Contractors are like farmers in many ways. They are a vital part of the supply chain but they do love a good moan.
It’s the Goldilocks effect. The market is either too hot, in which case they pick and choose which jobs they want to tender, or the market is too cold, and supply outstrips demand or they complain about their poor margins. I appreciate not everyone is a housebuilder with huge profits and happy shareholders, and I have sympathy with many builders who bemoan their lot, scraping by on wafer-thin margins.
However, I really sense a change occurring at the moment in the attitudes of both the clients and the wiser, larger contractors. We recently saw three large contractors walk away from projects. Bouygues, Kier and Morgan Sindall have left jobs after bearing the cost of bidding and mobilising teams for what they saw as uneconomic work.

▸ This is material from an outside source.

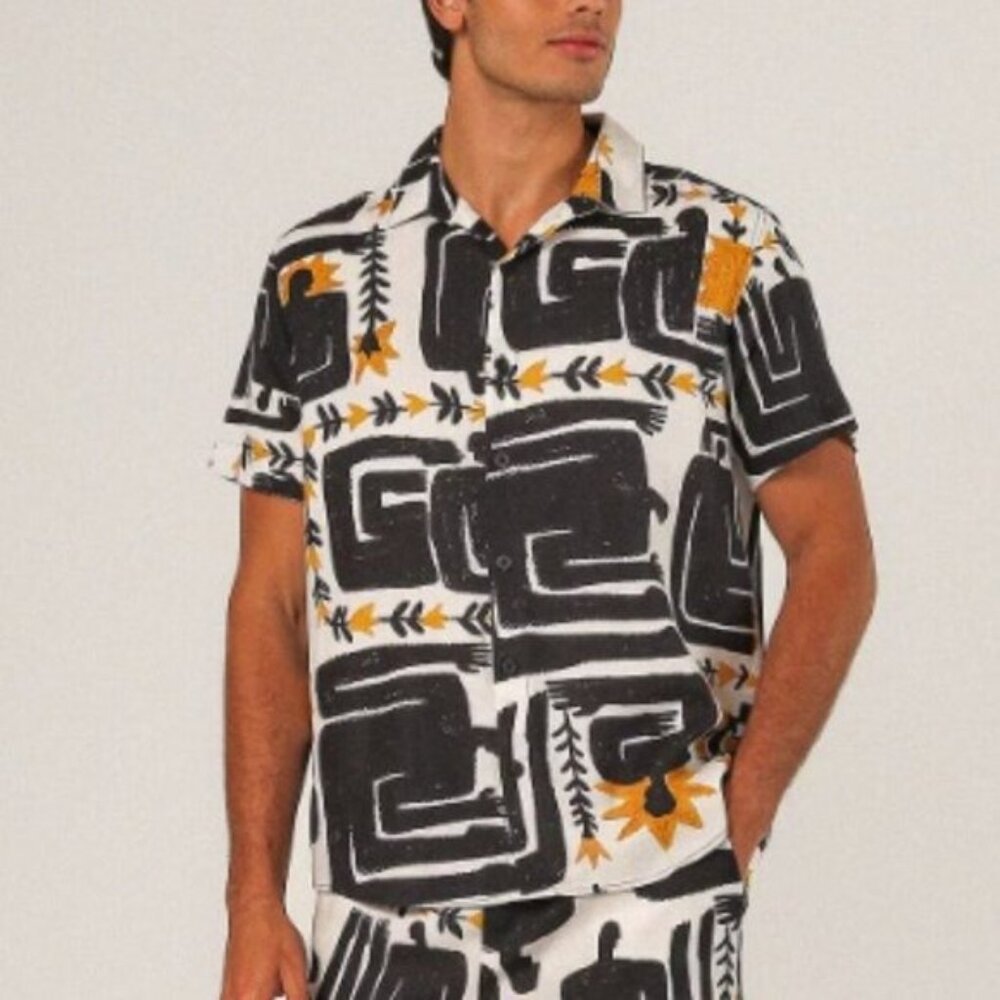Riachuelo Incerti Tropical Print Button Down Shirt L Black Gold Vacation Resort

The quantity surveyors are blamed for haggling too hard and making profits too small. If in doubt, kick the quantity surveyor. I think the market is in transition, and we are starting to see both client and contractor accept the reality that the pipeline of work post-2017 is decidedly uncertain.
The old two-stage tendering process – whereby 40% of costs would be established at the first stage of the procurement process, but 60% would be subject to variances by subcontractors, suppliers and market factors – is falling out of favour.

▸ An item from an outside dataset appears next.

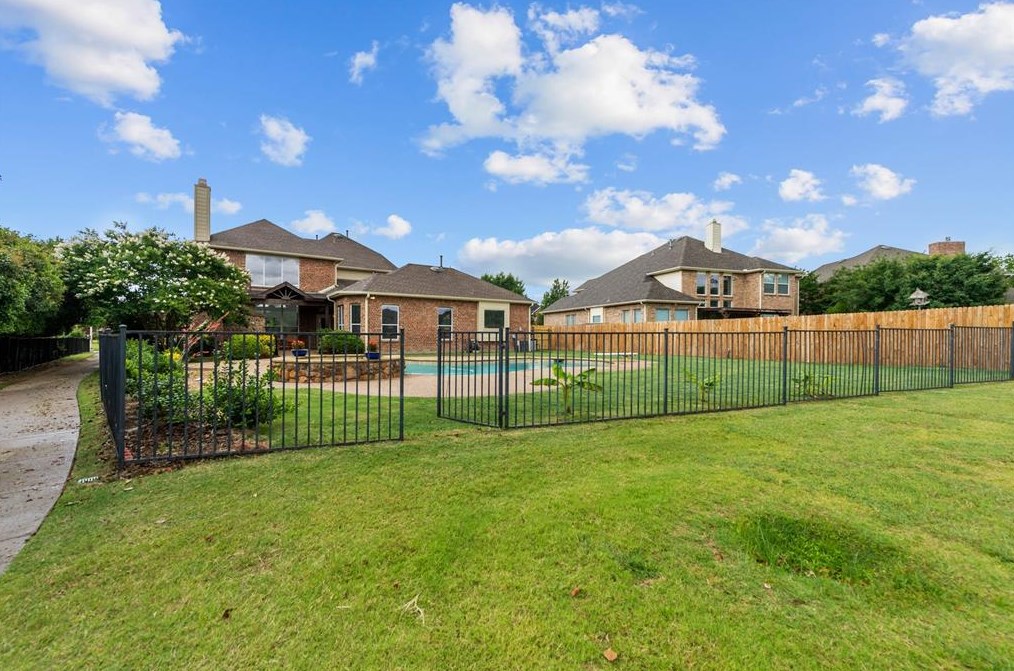 1411 Chase Oaks Dr, Keller TX 76248-7210 exterior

It is not surprising that some are saying the client has fallen out of love with this form of procurement, and the contractors may be quietly starting to realise that a better way has to be found to work in a market that does not have such a certain future.
At a recent British Council for Offices dinner, one started to hear the gentle ruminating of the idea of a return to single-stage lump-sum tendering. Here, all the costs are exposed after a six- to eight-week period of research by contractors.

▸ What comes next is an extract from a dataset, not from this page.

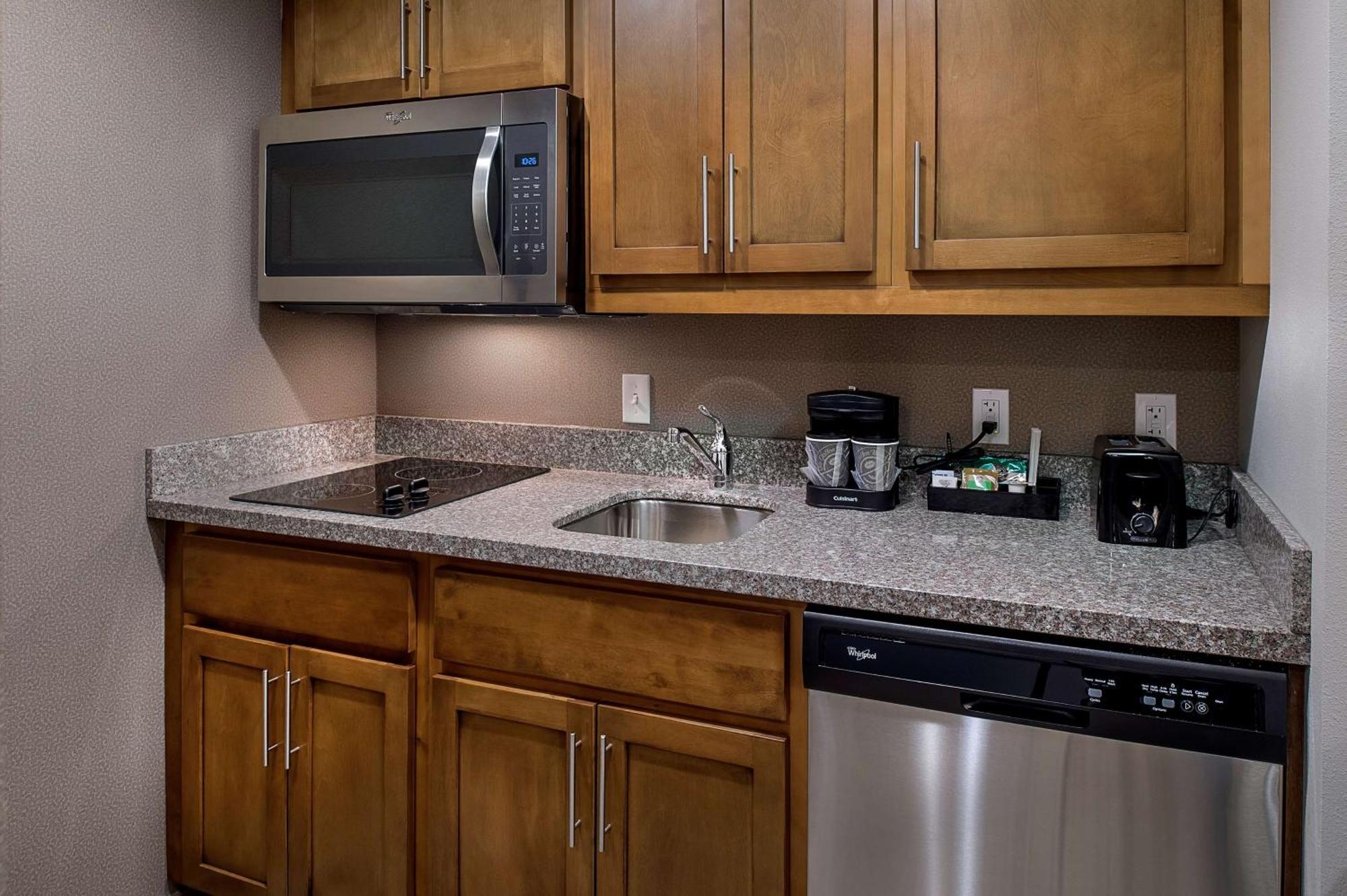 Homewood Suites By Hilton St. Louis Westport Maryland Heights Bagian luar foto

There is obviously more risk for the contractors with what is in effect a fixed price, but there is also a realisation that what some saw as the ‘golden era’ of clients accepting two-stage pricing is coming to an end. We may be seeing the start of a temperature change in the relationship between builder and client. The decision to walk away by three of our larger contractors may be a sign by some in the supply chain that, although the pipeline of work is starting to slow, they are not going back to the margins of the past.
I am not sure that this stance can survive a declining long-term market. If things are going to get built, establishing a new form of working relationship will be in both parties’ interest.